## What you have to do
Return every line from the one with "FORCES OF NATURE SIDE SLIT TEE" through the one with "Francisville, LA 70775", inclusive, exactly as it appears below.

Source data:

# # #

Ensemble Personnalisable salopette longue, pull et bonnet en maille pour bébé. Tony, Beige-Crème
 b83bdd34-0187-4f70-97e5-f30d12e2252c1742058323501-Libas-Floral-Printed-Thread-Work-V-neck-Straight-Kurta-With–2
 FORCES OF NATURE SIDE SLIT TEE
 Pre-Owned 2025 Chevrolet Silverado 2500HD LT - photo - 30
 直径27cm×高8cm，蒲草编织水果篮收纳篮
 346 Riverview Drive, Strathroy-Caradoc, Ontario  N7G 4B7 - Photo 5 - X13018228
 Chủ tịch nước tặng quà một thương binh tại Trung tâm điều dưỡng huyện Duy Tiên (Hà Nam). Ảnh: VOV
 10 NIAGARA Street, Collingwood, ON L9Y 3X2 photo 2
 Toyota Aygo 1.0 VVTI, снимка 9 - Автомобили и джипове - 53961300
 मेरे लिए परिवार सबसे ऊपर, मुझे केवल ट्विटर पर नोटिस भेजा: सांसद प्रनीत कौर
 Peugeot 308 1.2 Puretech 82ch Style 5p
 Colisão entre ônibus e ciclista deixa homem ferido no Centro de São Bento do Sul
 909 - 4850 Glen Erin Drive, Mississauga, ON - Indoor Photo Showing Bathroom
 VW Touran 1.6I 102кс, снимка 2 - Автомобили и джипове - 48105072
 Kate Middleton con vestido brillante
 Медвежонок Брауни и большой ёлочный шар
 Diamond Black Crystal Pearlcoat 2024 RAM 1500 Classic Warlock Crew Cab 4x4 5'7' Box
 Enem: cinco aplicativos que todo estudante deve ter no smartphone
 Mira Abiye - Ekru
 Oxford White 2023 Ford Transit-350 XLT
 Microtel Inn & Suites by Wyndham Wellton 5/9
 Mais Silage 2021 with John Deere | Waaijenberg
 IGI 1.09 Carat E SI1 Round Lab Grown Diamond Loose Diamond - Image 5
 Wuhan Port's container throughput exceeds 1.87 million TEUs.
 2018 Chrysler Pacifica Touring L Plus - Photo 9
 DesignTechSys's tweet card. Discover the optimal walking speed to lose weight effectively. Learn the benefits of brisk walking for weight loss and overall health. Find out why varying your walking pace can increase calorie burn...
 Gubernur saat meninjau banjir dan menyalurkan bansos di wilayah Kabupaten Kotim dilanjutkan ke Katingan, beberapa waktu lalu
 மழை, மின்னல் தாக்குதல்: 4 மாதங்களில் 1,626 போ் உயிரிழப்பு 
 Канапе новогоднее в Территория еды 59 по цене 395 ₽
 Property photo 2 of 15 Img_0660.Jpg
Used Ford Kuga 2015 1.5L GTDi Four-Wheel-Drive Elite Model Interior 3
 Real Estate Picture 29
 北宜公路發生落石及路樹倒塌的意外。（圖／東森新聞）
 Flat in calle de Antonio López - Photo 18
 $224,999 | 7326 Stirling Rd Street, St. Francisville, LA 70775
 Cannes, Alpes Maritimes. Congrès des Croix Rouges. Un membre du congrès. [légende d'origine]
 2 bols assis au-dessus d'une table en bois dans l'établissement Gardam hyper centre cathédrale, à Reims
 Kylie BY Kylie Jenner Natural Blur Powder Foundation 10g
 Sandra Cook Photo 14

# # #

## Response area
 FORCES OF NATURE SIDE SLIT TEE
 Pre-Owned 2025 Chevrolet Silverado 2500HD LT - photo - 30
 直径27cm×高8cm，蒲草编织水果篮收纳篮
 346 Riverview Drive, Strathroy-Caradoc, Ontario  N7G 4B7 - Photo 5 - X13018228
 Chủ tịch nước tặng quà một thương binh tại Trung tâm điều dưỡng huyện Duy Tiên (Hà Nam). Ảnh: VOV
 10 NIAGARA Street, Collingwood, ON L9Y 3X2 photo 2
 Toyota Aygo 1.0 VVTI, снимка 9 - Автомобили и джипове - 53961300
 मेरे लिए परिवार सबसे ऊपर, मुझे केवल ट्विटर पर नोटिस भेजा: सांसद प्रनीत कौर
 Peugeot 308 1.2 Puretech 82ch Style 5p
 Colisão entre ônibus e ciclista deixa homem ferido no Centro de São Bento do Sul
 909 - 4850 Glen Erin Drive, Mississauga, ON - Indoor Photo Showing Bathroom
 VW Touran 1.6I 102кс, снимка 2 - Автомобили и джипове - 48105072
 Kate Middleton con vestido brillante
 Медвежонок Брауни и большой ёлочный шар
 Diamond Black Crystal Pearlcoat 2024 RAM 1500 Classic Warlock Crew Cab 4x4 5'7' Box
 Enem: cinco aplicativos que todo estudante deve ter no smartphone
 Mira Abiye - Ekru
 Oxford White 2023 Ford Transit-350 XLT
 Microtel Inn & Suites by Wyndham Wellton 5/9
 Mais Silage 2021 with John Deere | Waaijenberg
 IGI 1.09 Carat E SI1 Round Lab Grown Diamond Loose Diamond - Image 5
 Wuhan Port's container throughput exceeds 1.87 million TEUs.
 2018 Chrysler Pacifica Touring L Plus - Photo 9
 DesignTechSys's tweet card. Discover the optimal walking speed to lose weight effectively. Learn the benefits of brisk walking for weight loss and overall health. Find out why varying your walking pace can increase calorie burn...
 Gubernur saat meninjau banjir dan menyalurkan bansos di wilayah Kabupaten Kotim dilanjutkan ke Katingan, beberapa waktu lalu
 மழை, மின்னல் தாக்குதல்: 4 மாதங்களில் 1,626 போ் உயிரிழப்பு 
 Канапе новогоднее в Территория еды 59 по цене 395 ₽
 Property photo 2 of 15 Img_0660.Jpg
Used Ford Kuga 2015 1.5L GTDi Four-Wheel-Drive Elite Model Interior 3
 Real Estate Picture 29
 北宜公路發生落石及路樹倒塌的意外。（圖／東森新聞）
 Flat in calle de Antonio López - Photo 18
 $224,999 | 7326 Stirling Rd Street, St. Francisville, LA 70775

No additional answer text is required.